If you were scoring the play above, you would give a missed three-point attempt to Oklahoma City's DJ Augustin and a rebound to Minnesota's Justin Hamilton, right? If so, you could never get a job as Oklahoma City's official scorekeeper. Here is how they scored the play:
Those are pretty tenuous definitions of "offensive rebound" and "tip shot," don't you think? So what gives? Via ESPN's Royce Young:
With 2:13 left, Russell Westbrook unlatched his mask and walked to the Thunder bench, sitting on 29 points, nine rebounds and 12 assists. A simple rebound away from the required round number to give him his eighth triple-double of the season, and his sixth in his last eight games.
The Thunder were enjoying an impressive blowout over the young Minnesota Timberwolves, and Westbrook was going to be left to watch the final couple of minutes a single rebound short. That's when he took matters into his own hands. He looked over at the Thunder's official scorekeepers, holding his arm up.
"Tip?" he said, nodding his head. "Tip?"
A quick conference at the scorer's table and right around the time the buzzer sounded on the Thunder's 113-99 win, Westbrook suddenly had his triple-double: 29 points, 10 rebounds and 12 assists. His eighth of the season, sixth in the last eight games, and the first player since Jason Kidd in 2007-08 to have eight or more in a season (Kidd had 13).

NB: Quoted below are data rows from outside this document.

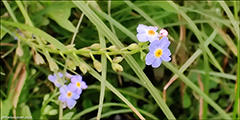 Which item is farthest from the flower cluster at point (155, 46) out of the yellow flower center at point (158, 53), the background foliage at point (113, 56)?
the background foliage at point (113, 56)

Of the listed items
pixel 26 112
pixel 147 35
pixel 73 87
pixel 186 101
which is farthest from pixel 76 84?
pixel 186 101

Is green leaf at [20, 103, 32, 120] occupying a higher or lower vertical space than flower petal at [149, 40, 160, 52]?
lower

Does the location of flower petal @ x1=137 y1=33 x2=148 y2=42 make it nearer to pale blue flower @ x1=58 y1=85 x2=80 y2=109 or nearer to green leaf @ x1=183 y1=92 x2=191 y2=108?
pale blue flower @ x1=58 y1=85 x2=80 y2=109

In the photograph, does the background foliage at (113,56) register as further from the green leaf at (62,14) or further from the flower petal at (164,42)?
the flower petal at (164,42)

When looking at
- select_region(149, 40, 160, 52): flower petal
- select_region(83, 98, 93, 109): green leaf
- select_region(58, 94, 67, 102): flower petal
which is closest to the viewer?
select_region(149, 40, 160, 52): flower petal

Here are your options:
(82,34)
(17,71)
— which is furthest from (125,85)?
(17,71)

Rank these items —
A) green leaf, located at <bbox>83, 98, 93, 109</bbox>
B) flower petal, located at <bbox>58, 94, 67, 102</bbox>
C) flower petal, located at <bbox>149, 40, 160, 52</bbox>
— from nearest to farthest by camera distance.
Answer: flower petal, located at <bbox>149, 40, 160, 52</bbox> < flower petal, located at <bbox>58, 94, 67, 102</bbox> < green leaf, located at <bbox>83, 98, 93, 109</bbox>

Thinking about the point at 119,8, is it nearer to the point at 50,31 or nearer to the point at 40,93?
the point at 50,31

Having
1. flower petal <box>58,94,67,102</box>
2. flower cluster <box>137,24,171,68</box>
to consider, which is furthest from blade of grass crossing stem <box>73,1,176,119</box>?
flower petal <box>58,94,67,102</box>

Sketchy scorekeeping is nothing new, of course. Assists are the easiest stat for official scorekeepers to artificially pad, but blocks, steals, turnovers, rebounds, and even field goal attempts can be fudged. As long as they don't screw up the score of the game, where's the harm?
Here is what a former Vancouver Grizzlies scorekeeper told us when we interviewed him six years ago:
"I wanted the numbers to be meaningful and accurate, and I knew they weren't," Alex says, a lesson he soon came to know firsthand. "I was good at making them inaccurate."
[...]
As Alex remembers it now, Olajuwon had a double-double with nine blocks at some point during the fourth quarter. "Someone in management came to me and said, basically, Thou shalt give Hakeem Olajuwon a triple-double. Come hell or high water, he's getting a triple-double.I'm like, uh, OK." The Grizzlies had small monitors on which they kept a running box score. Anyone could see if someone was closing in on a milestone. "If a guy is in vicinity of a record, people are tracking those things. I know those things," Alex says. "If a guy has an eight-game streak of getting 10 rebounds, I'll know that. Am I gonna help that? Probably." The Rockets game, though, "was the one time someone said, 'You'll do this.' And I did."
Russell Westbrook was awesome last night, whether he claimed nine rebounds (or eight) or ten. But it's a good reminder that when you have dumb, reductive arguments using stats—"Steve Nash was CLEARLY a better point guard than Mark Jackson because he had one more career assist"—it's all fake anyways.